Creating this sketches was a bit challenging for me, since I knew I had to keep the black to white ratio 1:1. I wanted to do something fun, but I felt that a lot of my drawings eventually started to want to turn into a checkerboard pattern.
Part II: Digital Iterations
I didn’t have too many troubles with “tension”, since I only used two squares for each composition. However, I did fiddle around with the positioning of the small square for the second tension drawing.
“Playful” also went pretty smoothly. I mostly tried out different angles and positions for the squares to try to see what looked better, and to make sure it didn’t look too messy.
Working on “rhythm” was where things started to get more detailed for me, since I decided to use a lot of squares to emphasize the repetitive feeling that I was trying to convey. My first attempts at the first composition were to see if the shape that I wanted the squares to make would turn out okay. After I finished arranging everything, however, I thought that the squares were too small. I went with a blue color to create more of a “flowing water” feeling, since I was creating two waves.
I decided to make the squares bigger overall, and tweaked the positioning of the squares too.
In my second “rhythm” drawing I wanted to create the illusion that the gradient of squares was never-ending, so I made the diagonal lines of squares bleed off the page and placed them slightly off center.
In class I realized that we could only use one color across both options, so I decided to keep the blue in the second rhythm composition.
For “erratic” I wanted to create different abstract shapes, but while still making sure that you could still tell that the squares are actually squares. This is where I used a little bit of color to help keep the square shape.
For the first erratic drawings, I thought using a bright color looked a little weird, so in the end I opted for an extremely dark color. In class, I matched the first erratic drawing to the second one with the orange color.
I decided to go with the first tension drawing because I felt that with the huge contrast in the sizes of the squares, the small square’s positioning is even more precarious because there is such a large height from which to fall. I feel that this creates a lot of tension. The playful drawing was my favorite from the start; I think the simplicity of it, combined with the square peeking out of the corner invokes a lot of playful spirit in the square itself.
I think the final pieces for rhythm and erratic complement each other in terms of their forms, but both depict their respective words in different ways. The “rhythm” drawing is more structured, and with the wave-like shape it creates gives more of a rhythmic feeling. Once I took out the orange color in the erratic drawing, I changed the positions of a few squares so it was still clear that they were squares. But at the same time, the placement of the squares still creates “erratic” shapes.
I had the most trouble with the figure ground composition. I couldn’t think of how to create the figure ground impression without just making boxes with the squares. I played around with a few of the squares until they created the fish-like shape in the second row of the first drawing above. I tried placing them in rows and seeing how the resulting white space could add to the figure ground illusion. I also tried removing some of the black squares, since the white and black colors didn’t seem that balanced at first. Then I noticed that some of the white space created heart shapes, and I decided to use the black squares to make the heart and ended up with the second drawing above.
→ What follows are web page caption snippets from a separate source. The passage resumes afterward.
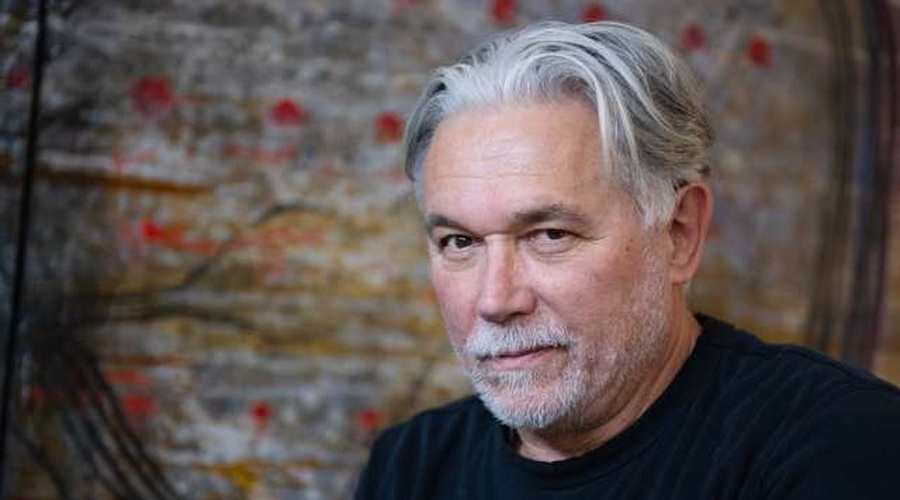 Slikar Dušan Kirbiš: Zanima me medprostor, ki omogoča nadaljevanja zgodbe v gledalcu (foto: Tamino Petelinšek/STA)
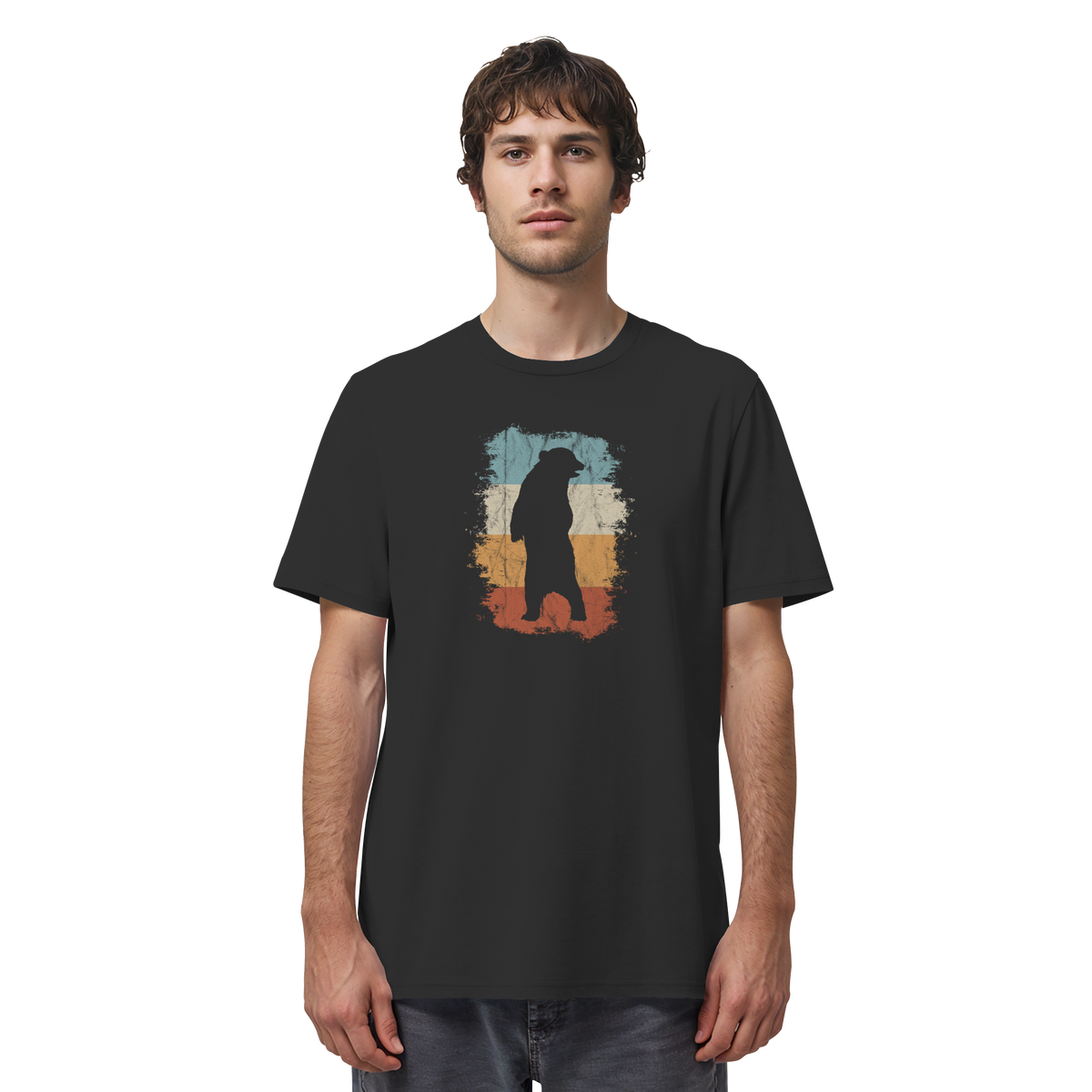 Retro Bären-Silhouette - Organic Shirt
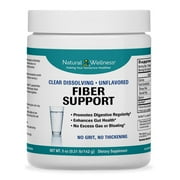 Natural Wellness Fiber Support - Prebiotic Fiber Supplement with Sunfiber® for Digestive Health, Unflavored, 5 oz - Gluten Free and Vegan 35 Servings
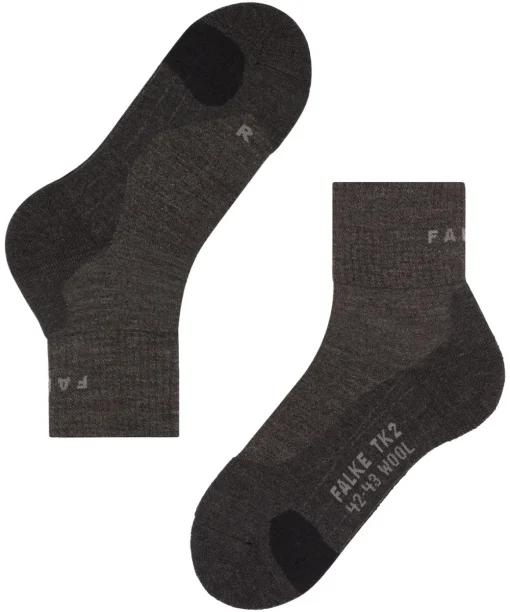 Tk2 Explore Wool Short Herren Trekking Socken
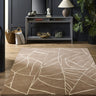 Origins Kintsugi Tufted Japanese-Inspired Art Natural Stone Cream Wool Abstract Textured Rug - Medium 120x170 cm (4'x5'6")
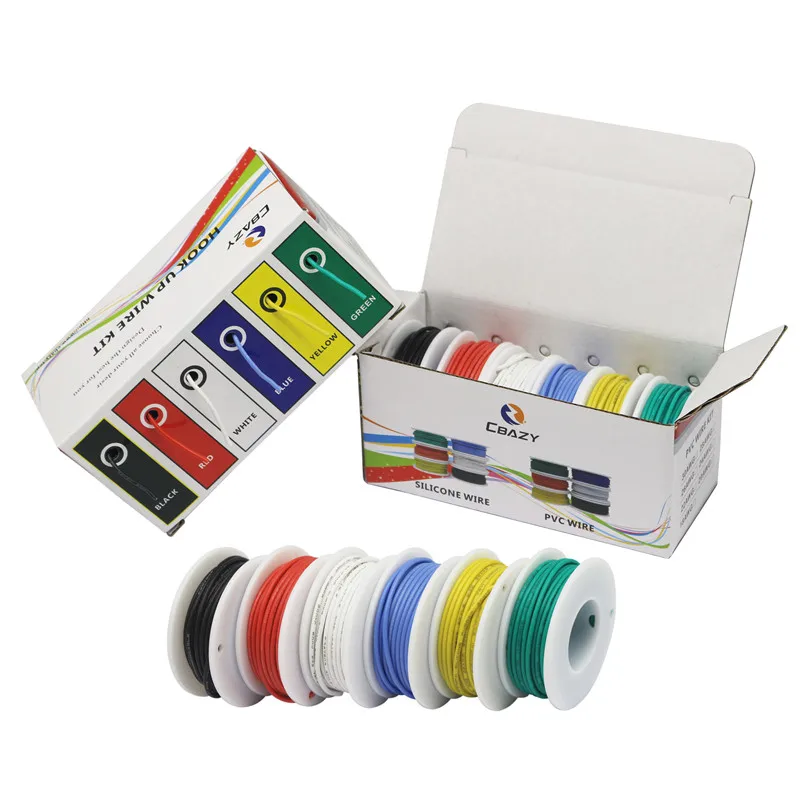 18 20 22 24 26 28 30awg 6 colors in a box mixed wire high quality flexible silicone wire and cable tinned pure copper wire
18 20 22 24 26 28 30awg 6 colors in a box mixed wire high quality flexible silicone wire and cable tinned pure copper wire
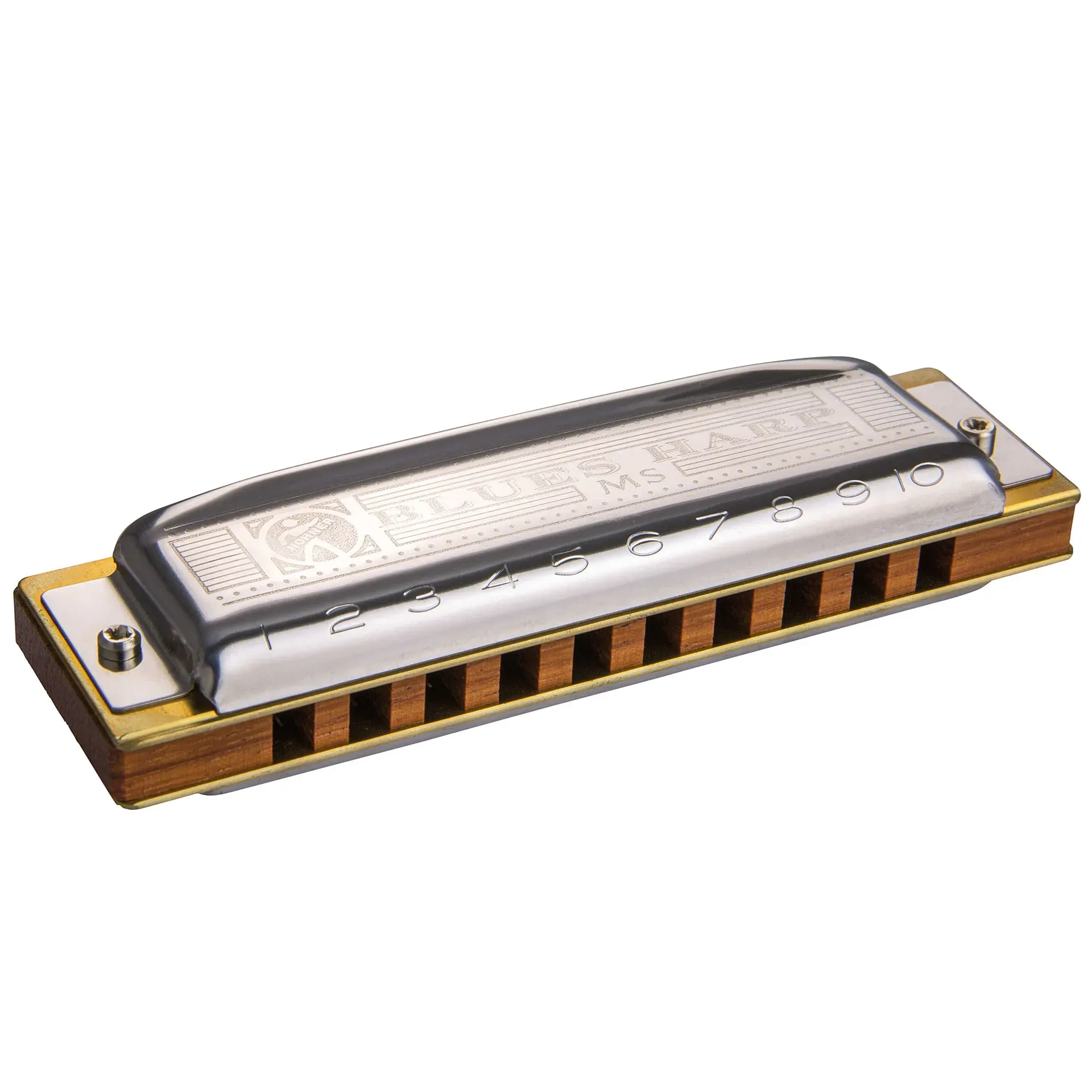 Hohner Blues Harp MS-Series Harmonica – Key C — view 1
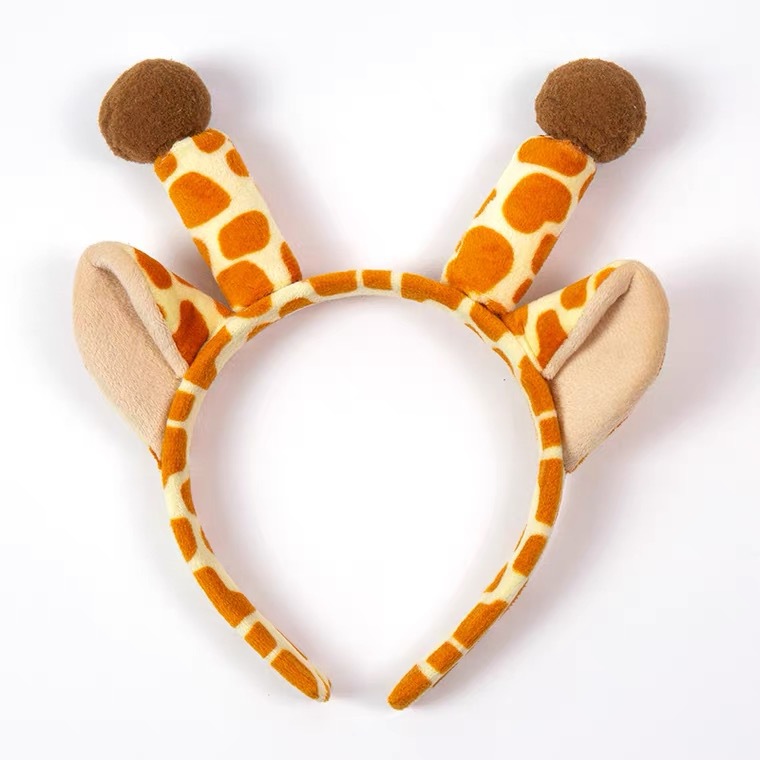 Cute Simple Style Bow Knot Giraffe Sequin Cloth Sponge Plush Hair Band display picture 2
The left drawing was what I had initially, but at the end I noticed that the top and bottom parts of the drawing weren’t symmetric, so I shifted everything up by half of a square and ended up with the composition on the right.
It was really cool to see everyone else’s interpretations of the words during the critique. It was also interesting to see similar interpretations of the words as well. I thought the critique went really well, and it felt good to describe the compositions using the Gestalt vocabulary. When I was making the drawings I often would place the squares according to gut feeling, and having someone explain that “feeling” was also nice.